Buffett’s confidence in Occidental Petroleum
Berkshire owns 264 million Occidental shares worth $12 billion, a 28% stake. Along with Chevron (NYSE: CVX), it is one of Berkshire’s key energy investments. Notably, Buffett has been selective about buying more since June 2024. He previously stated he doesn’t intend to acquire all of Occidental but admires its CEO, Vicki Hollub. Some investors still hope for a full buyout.
Indeed, amid OXY’s troubled stock performance, the company still has several underlying fundamentals that are likely to spur growth in the future. For instance, its presence in the Permian Basin strengthens its assets, boosting production potential and cost efficiency.
Additionally, a second Donald Trump administration could further benefit Occidental through deregulation, fostering increased drilling opportunities.
The firm’s investment in direct-air-capture (DAC) technology positions it as a carbon reduction leader. This technology could drive revenue for the company, given that Microsoft’s (NASDAQ: MSFT) agreement to buy 500,000 metric tons of removal credits highlights its potential.

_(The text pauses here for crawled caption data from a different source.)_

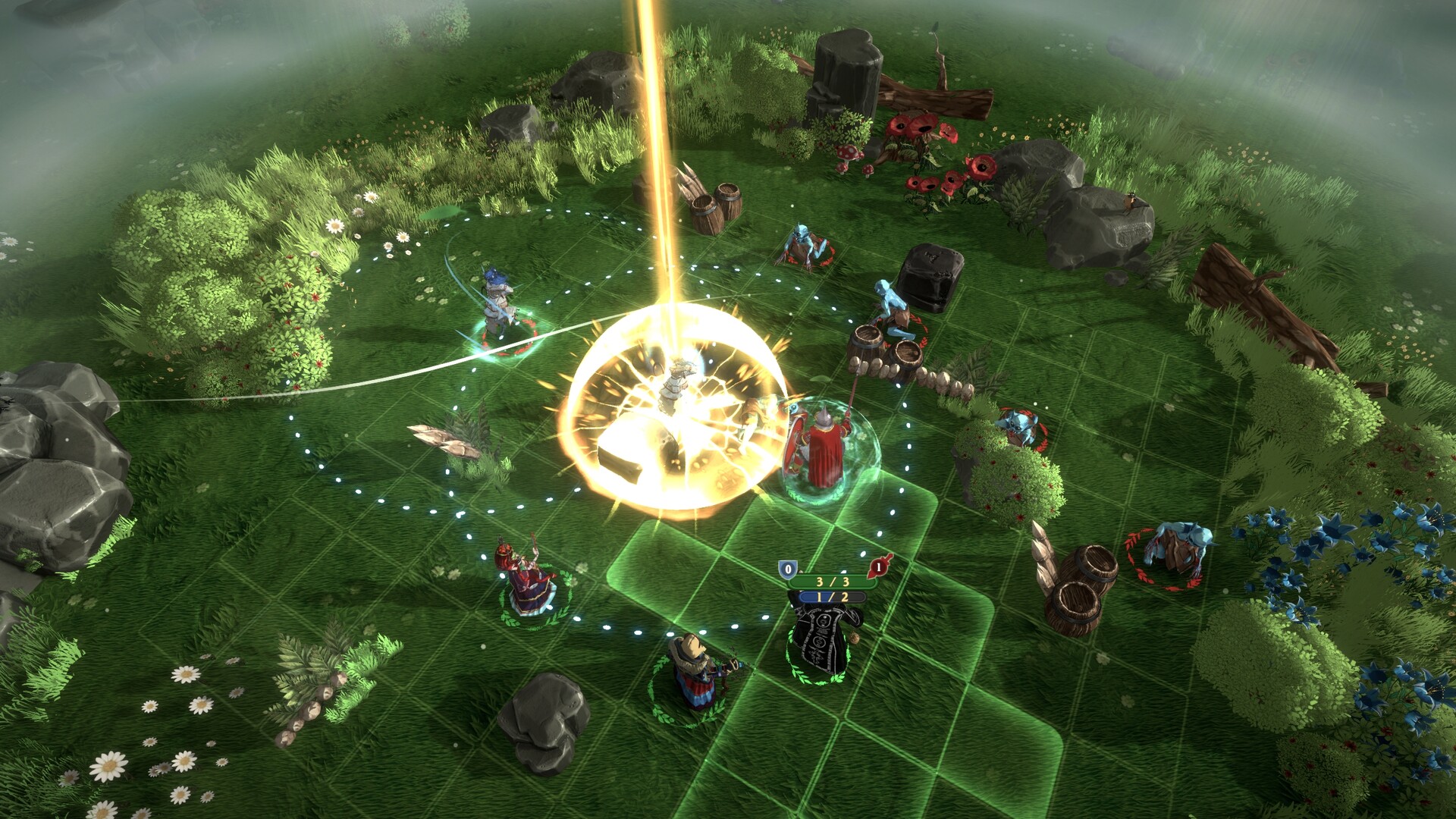 Spear Song screenshot 1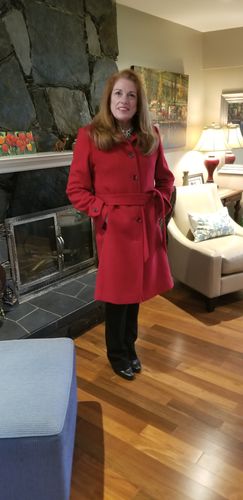 Customer photo review of BRENNA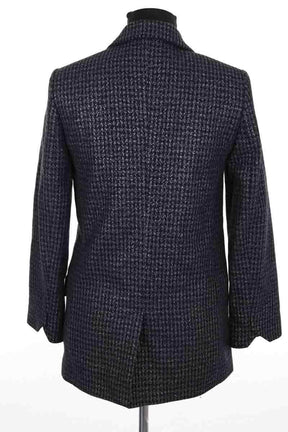 Blazer Zadig & Voltaire Noir en Laine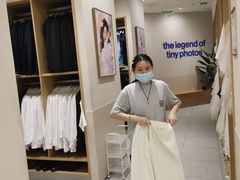-天真蓝照相馆(五角场百联又一城店)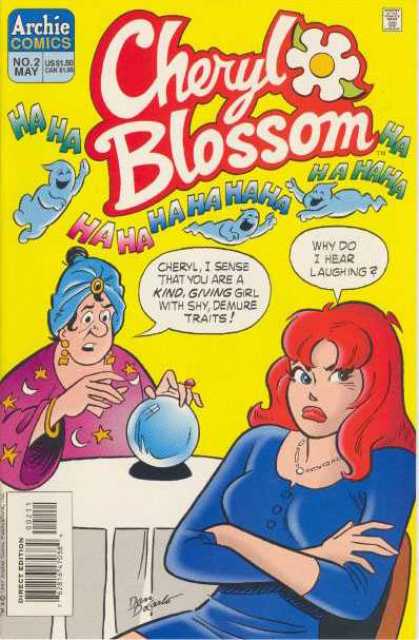 Cheryl Blossom 2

On the other hand, Occidental plans to sustain a five-rig program in its CrownRock assets through 2025, targeting mid-single-digit production growth, with Q4 output expected to hit 1.45 million barrels of oil equivalent per day.
Occidental revenue estimates
Meanwhile, the stock’s potential recovery is likely to be impacted by the projected revenue decline for the oil giant. Specifically, Occidental Petroleum expects a 6.70% revenue drop in Q4 2024 to $7.02 billion but a 13.78% rebound in Q1 2025 to $6.84 billion. Full-year 2024 revenue is forecast at $27.17 billion (-6.04%), with a 3.49% growth to $28.12 billion in 2025.
Occidental Petroleum is generally struggling with losses and weak stock performance, but Buffett’s continued investment signals confidence in its long-term potential.
It could recover if the company meets its growth targets, particularly in production and carbon capture. Despite current challenges, Buffett’s stake suggests optimism for the future.